ADHOC: Sie hatten noch unlängst postuliert, dass Amazon immer auf Partner aus dem Apothekenbereich angewiesen sein wird.
KASKE: Das stimmt, aber eine solche Übernahme muss nicht bedeuten, dass sich Amazon sofort von seinen Partnern beispielsweise im Prime-Bereich verabschiedet. Schon vor 20 Jahren hat Jeff Bezos alle damit überrascht, dass er als Buchhändler auch andere Player auf seiner Plattform zuließ. Der Erfolg gibt ihm bis heute recht.
ADHOC: Wie könnte Shop-Apotheke bei Amazon integriert werden?
KASKE: Ein Vorbild könnte Zappos sein. Amazon hat den Modehändler 2009 übernommen, ebenfalls für knapp eine Milliarde Dollar. Die Marke existiert bis heute weiter, aber über diesen Kanal wurde parallel „Amazon Fashion“ aufgebaut. Hier sehe ich Ähnlichkeiten.
ADHOC: Inwiefern könnte Shop-Apotheke – über das eigene Geschäft hinaus – für Amazon nützlich sein?
KASKE: Amazon hat mit Prime ein Riesenpfund, das auch für den Arzneimittelbereich relevant sein könnte. Das Stichwort lautet: Sunk Costs. Wer einmal die Jahresgebühr entrichtet hat, hat ein Interesse, sie durch Käufe zu amortisieren. Statistiken zeigen: Amazon-Kunden geben pro Jahr 80 bis 100 Euro aus, Prime-Kunden rund 300 Euro. Als Versandapotheke könnte Amazon mehr Kunden gewinnen, die noch mehr einkaufen – eine Spirale, die umso schneller zu einem abgeschlossenen System führt, je mehr Branchen eingebunden sind.
ADHOC: Wäre es wirklich realistisch, dass Amazon zuerst in Europa statt in den USA zuschlägt?
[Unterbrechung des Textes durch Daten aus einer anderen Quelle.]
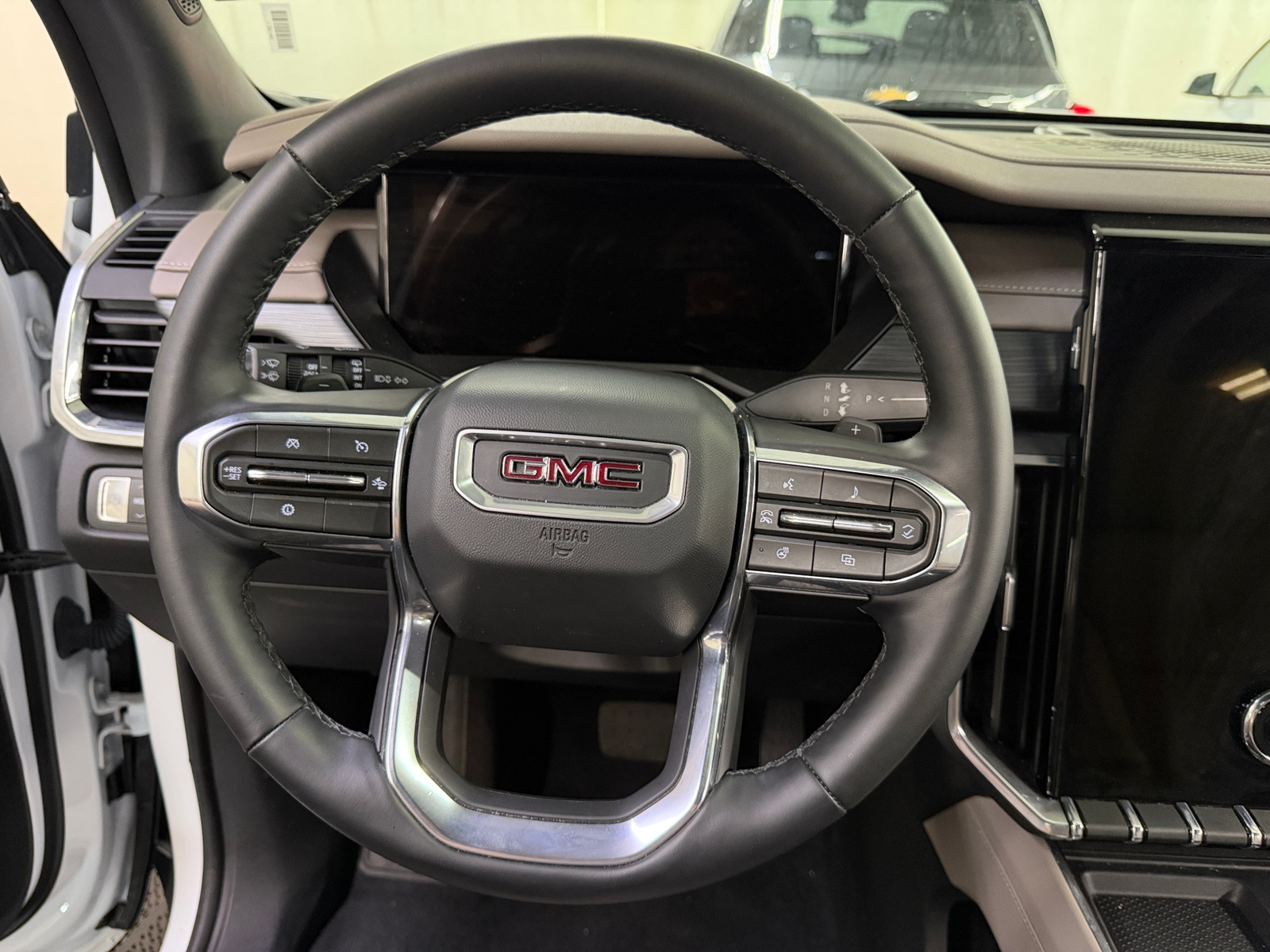 Thumbnail: 2026 GMC Acadia - 4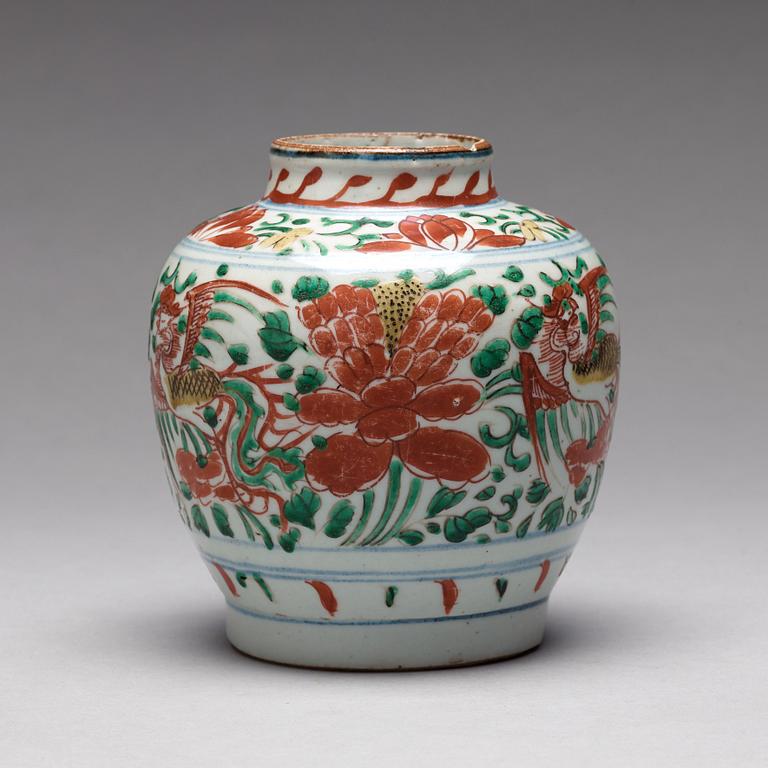A Transitional wucai jar, 17th Century.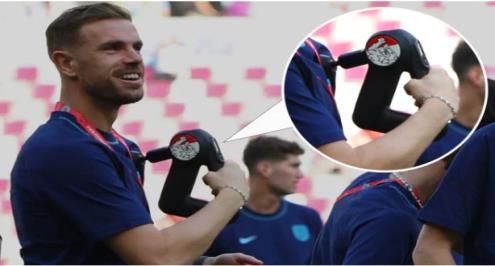 "مسدس عضلي" يجهز إنجلترا بدنيًا في كأس العالم (صور)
KASKE: Punkt 1: Deutschland ist der zweitgrößte Markt für Amazon und hat eine hohe strategische Bedeutung. Punkt 2: Der europäische Markt ist viel reglementierter als der amerikanische. Während man in den USA noch andere Wege prüft, ist in Europa die Übernahme einer Versandapotheke wohl der einzig mögliche Schritt.
ADHOC: Shop-Apotheke schreibt keine Gewinne. Wann würde Amazon schwarze Zahlen sehen wollen?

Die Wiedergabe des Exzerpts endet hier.